───── Supplied information ─────
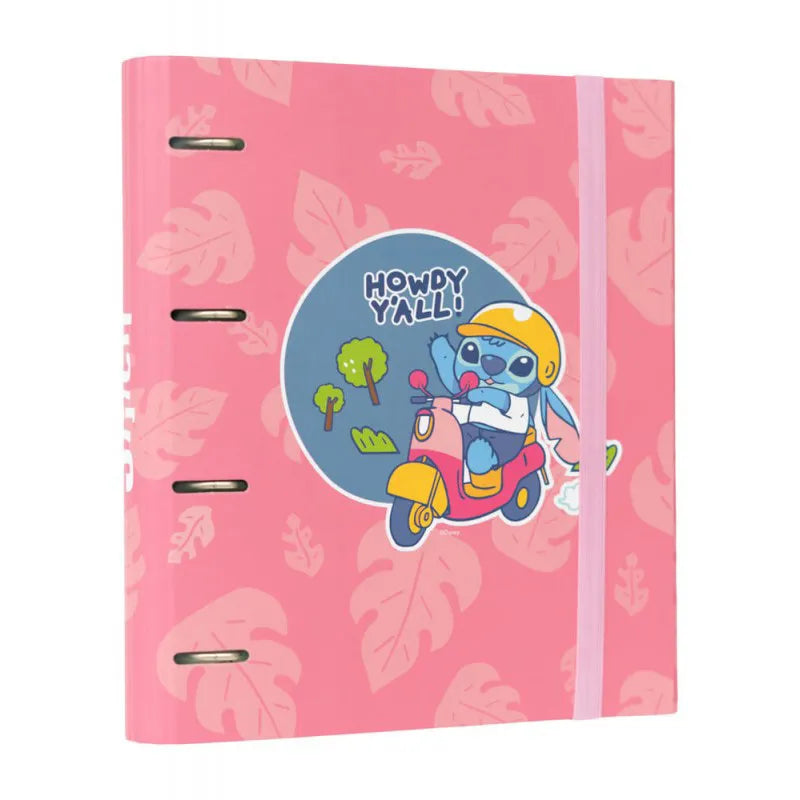 Disney Stitch – A4 segtuvas (4 žiedai, su gumele)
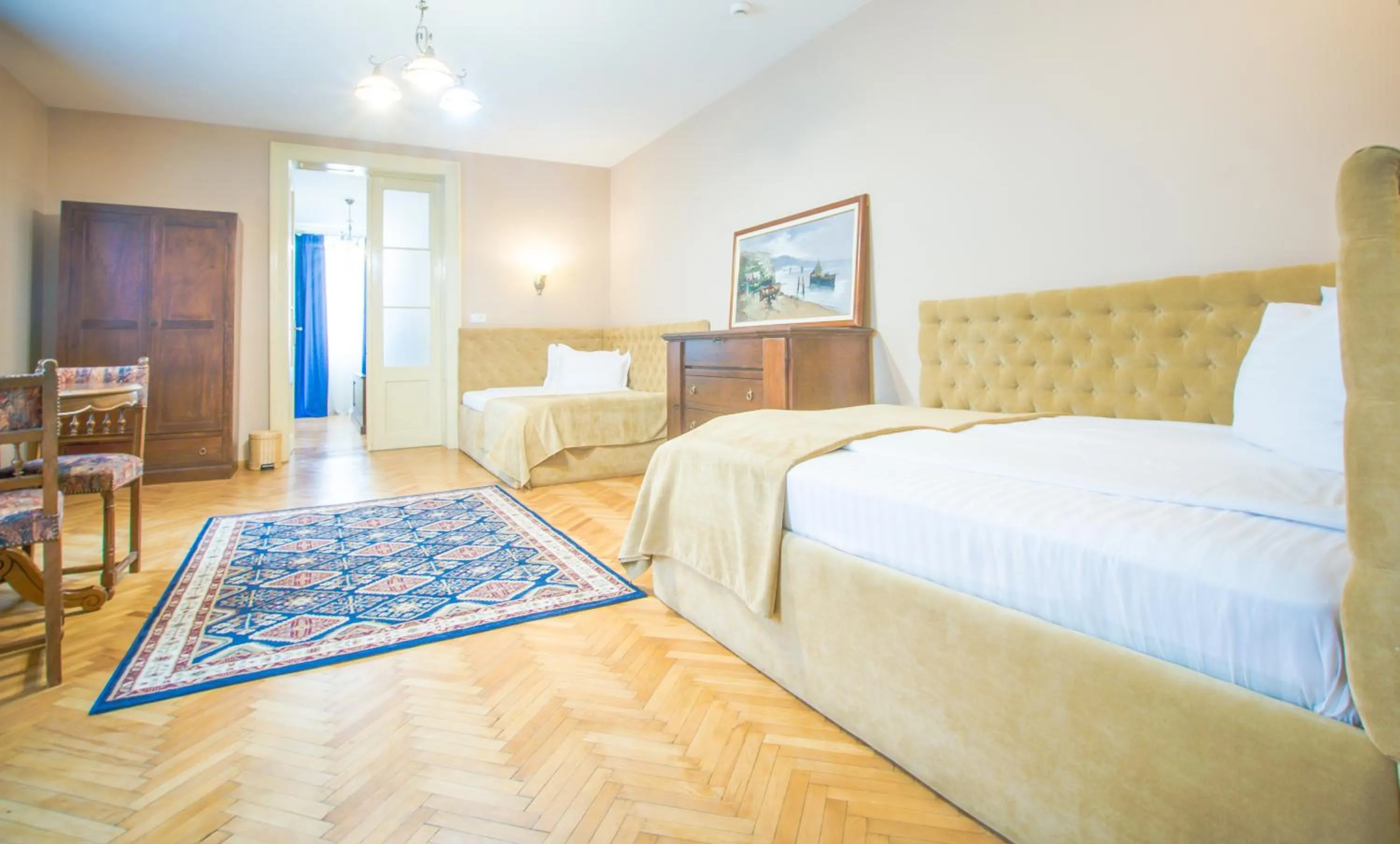 Bedroom, Bed in Safrano Palace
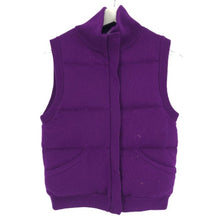 画像をギャラリービューアに読み込む, セオリー Theory ニットダウンベスト サイズ2 M相当 パープル レディース【中古】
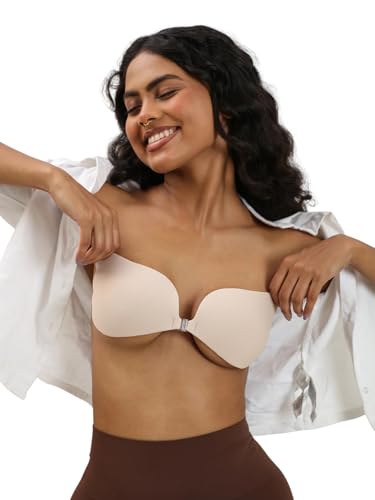 Image of UNDERNEAT Womens Supportable Adhesive Bra | Ideal for Backless & Strapless Outfits | Seamless and Invisible | Stick-On Bra with Lift & Shaping | Strong and Skin-Friendly Adhesive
─────
## Directions for this task
Take the listing above and print it exactly, apart from the pictures.

## The completed task
 Disney Stitch – A4 segtuvas (4 žiedai, su gumele)
 Bedroom, Bed in Safrano Palace
 画像をギャラリービューアに読み込む, セオリー Theory ニットダウンベスト サイズ2 M相当 パープル レディース【中古】
 Image of UNDERNEAT Womens Supportable Adhesive Bra | Ideal for Backless & Strapless Outfits | Seamless and Invisible | Stick-On Bra with Lift & Shaping | Strong and Skin-Friendly Adhesive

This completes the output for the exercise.